== Stored items ==

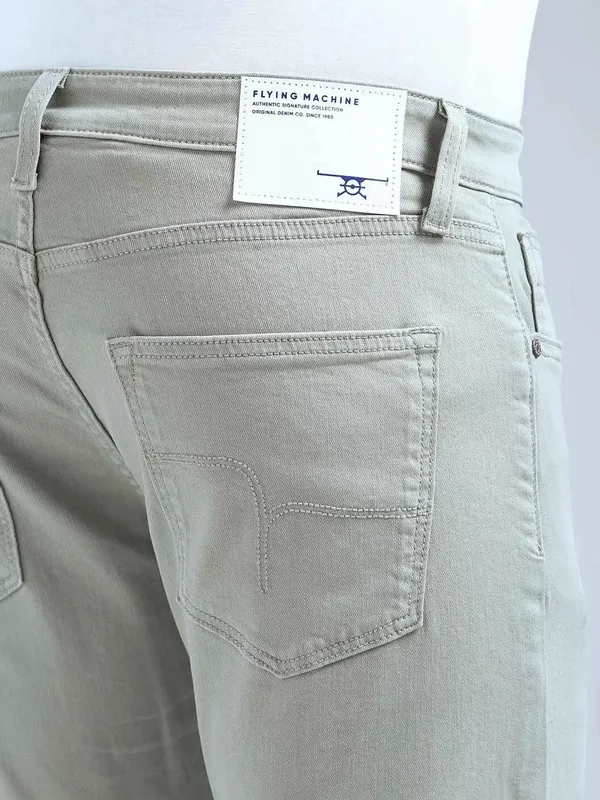 FLYING MACHINE solid light olive slim tapered denim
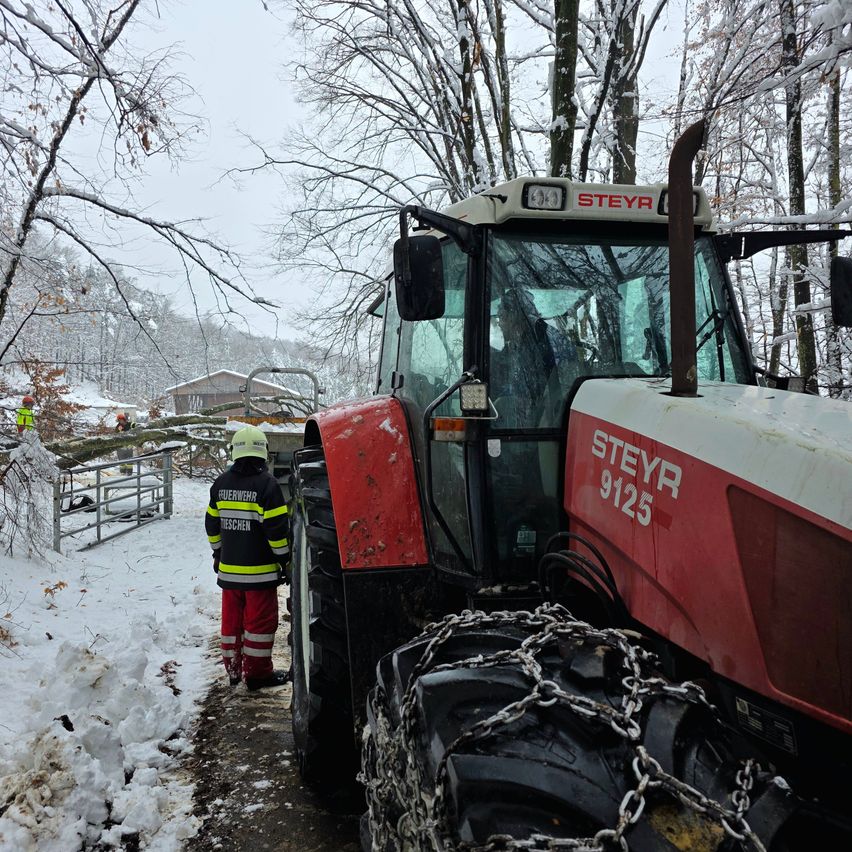 Ein Traktor mit Ketten an den Reifen, geparkt im Schnee. Ein Feuerwehrmann in voller Ausrüstung steht daneben.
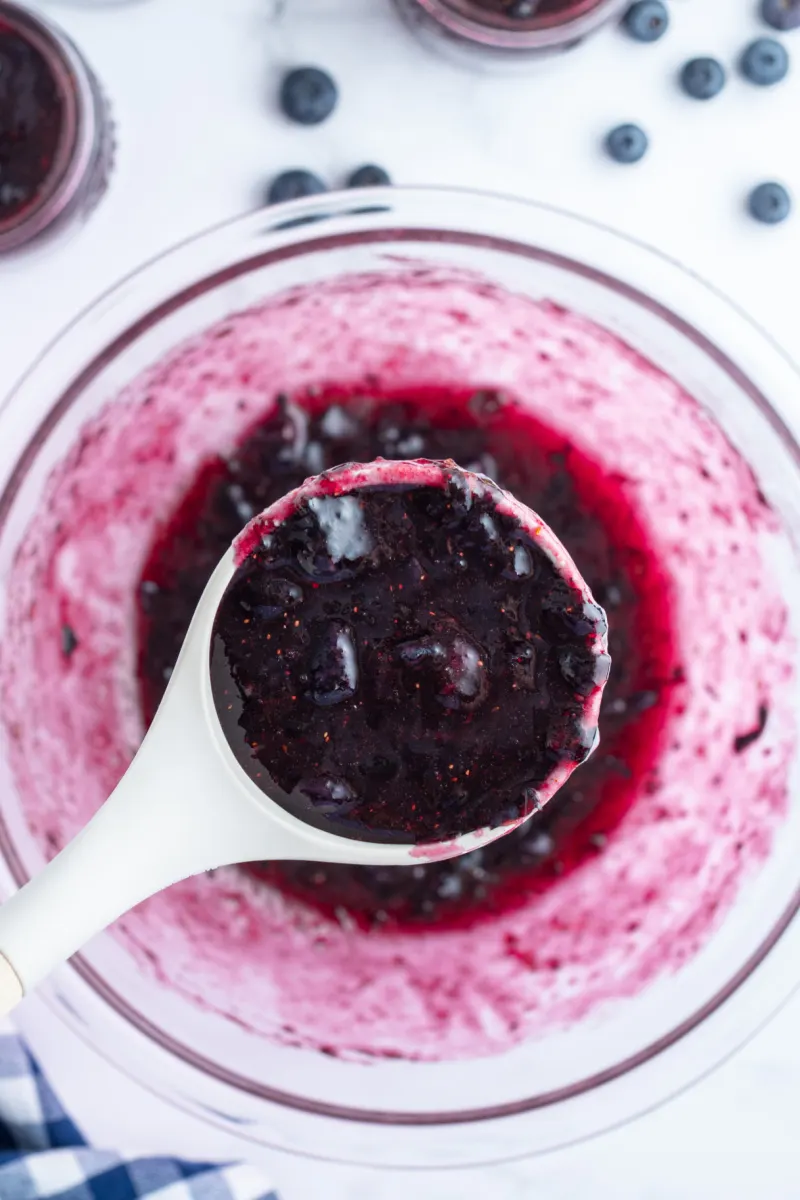 spoonful of blueberry jam over bowl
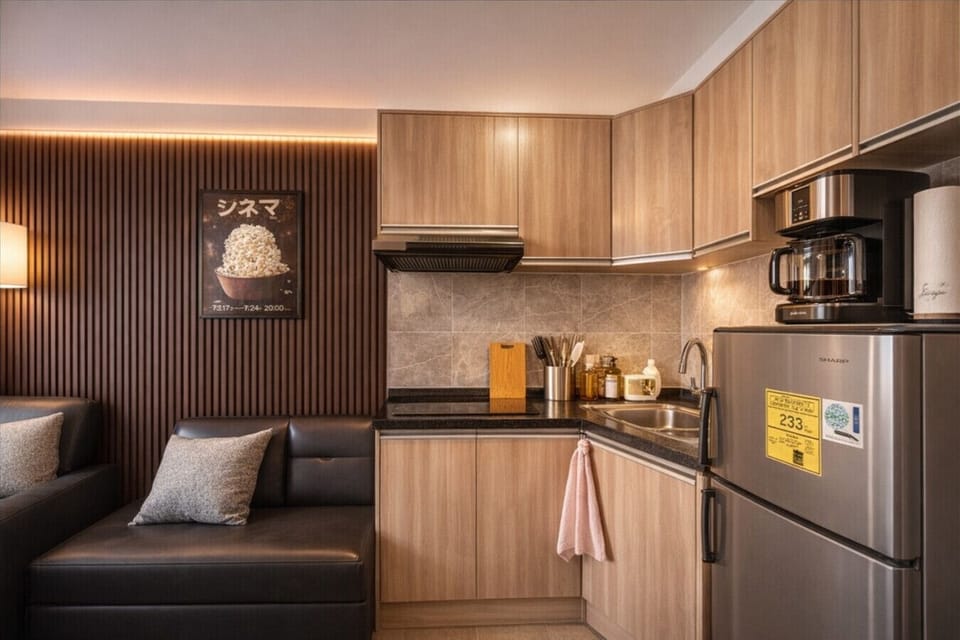 Cozy studio with lounge sofa and fully equipped kitchen—cook, relax, and feel at home during your stay.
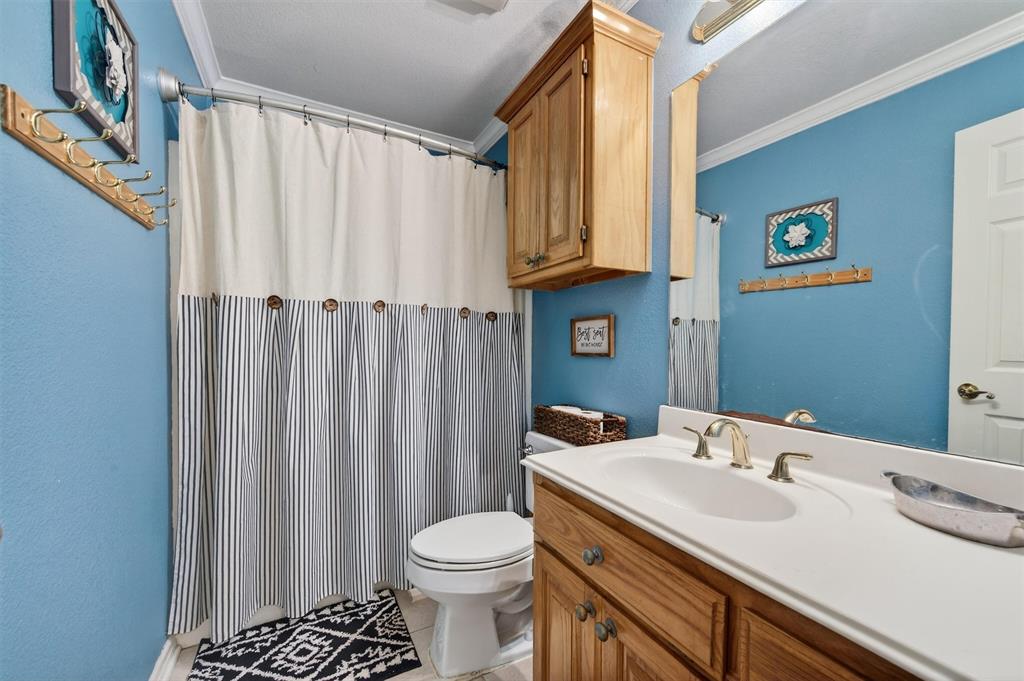 207 Gayle Circle Bells, TX 75414 - Photo 22 of 30 a bathroom with a sink a toilet and shower curtain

== WHAT TO PRODUCE ==
Give the entries above again word for word, without the pictures.

== ANSWER BOX ==
 FLYING MACHINE solid light olive slim tapered denim
 Ein Traktor mit Ketten an den Reifen, geparkt im Schnee. Ein Feuerwehrmann in voller Ausrüstung steht daneben.
 spoonful of blueberry jam over bowl
 Cozy studio with lounge sofa and fully equipped kitchen—cook, relax, and feel at home during your stay.
 207 Gayle Circle Bells, TX 75414 - Photo 22 of 30 a bathroom with a sink a toilet and shower curtain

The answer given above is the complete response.